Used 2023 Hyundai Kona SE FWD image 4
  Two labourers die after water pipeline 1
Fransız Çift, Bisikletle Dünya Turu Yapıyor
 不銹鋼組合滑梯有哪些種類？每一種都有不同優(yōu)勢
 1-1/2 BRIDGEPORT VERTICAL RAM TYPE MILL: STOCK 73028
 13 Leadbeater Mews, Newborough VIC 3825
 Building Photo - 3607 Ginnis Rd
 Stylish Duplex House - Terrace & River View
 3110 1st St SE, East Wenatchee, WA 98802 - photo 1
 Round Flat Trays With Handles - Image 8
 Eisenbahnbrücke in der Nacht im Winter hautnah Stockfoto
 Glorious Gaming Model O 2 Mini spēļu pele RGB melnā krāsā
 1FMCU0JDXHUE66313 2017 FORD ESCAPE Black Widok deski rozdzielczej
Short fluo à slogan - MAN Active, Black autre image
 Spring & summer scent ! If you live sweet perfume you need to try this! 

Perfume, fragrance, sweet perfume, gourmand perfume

------------------------------------------------------------

**Exercise aim:**
Could you return every line from the entries above in which the string "sweet" occurs?

**Answer section:**
 Spring & summer scent ! If you live sweet perfume you need to try this! 
Perfume, fragrance, sweet perfume, gourmand perfume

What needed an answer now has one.